The coexistence of terrestrial networks (TN) and non-terrestrial networks (NTN) in the frequency range 3 (FR3) upper mid-band presents considerable interference concerns, as dense TN deployments can severely degrade NTN downlink performance. Existing studies rely on interference-nulling beamforming, precoding, or exclusion zones that require accurate channel state information (CSI) and static coordination, making them unsuitable for dynamic NTN scenarios. To overcome these limitations, we develop an optimization framework that jointly controls TN downlink power, uplink power, and antenna downtilt to protect NTN links while preserving terrestrial performance. The resultant non-convex coupling between TN and NTN parameters is addressed by a Proximal Policy Optimization (PPO)-based reinforcement learning method that develops adaptive power and tilt control strategies. Simulation results demonstrate a reduction up to 8 dB in the median interference-to-noise ratio (INR) while maintaining over 87% TN basestation activity, outperforming conventional baseline methods and validating the feasibility of the proposed strategy for FR3 coexistence.
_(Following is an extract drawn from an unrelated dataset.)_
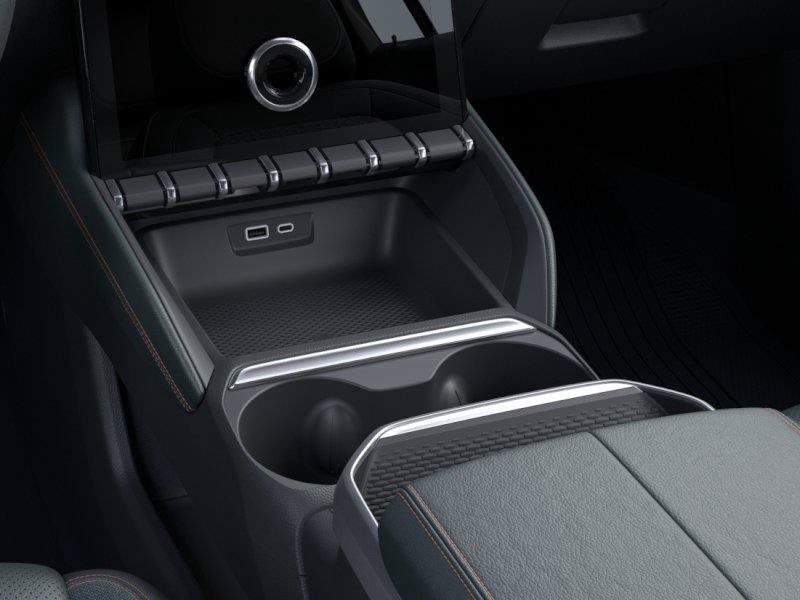 New 2027 GMC Terrain AT4 w/ Convenience Package III AWD/4WD image 23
翻译：地面网络（TN）与非地面网络（NTN）在频率范围3（FR3）上中频段的共存带来了显著的干扰问题，因为密集的TN部署会严重降低NTN下行链路性能。现有研究依赖于干扰归零波束成形、预编码或排他区，这些方法需要精确的信道状态信息（CSI）和静态协调，因此不适用于动态NTN场景。为克服这些限制，我们开发了一个优化框架，联合控制TN下行链路功率、上行链路功率和天线倾角，以保护NTN链路，同时保持地面网络性能。由此产生的TN与NTN参数之间的非凸耦合问题，通过一种基于近端策略优化（PPO）的强化学习方法解决，该方法制定了自适应的功率与倾角控制策略。仿真结果表明，在保持超过87% TN基站活跃度的同时，中值干扰噪声比（INR）降低了高达8 dB，优于传统基线方法，并验证了所提策略在FR3共存场景下的可行性。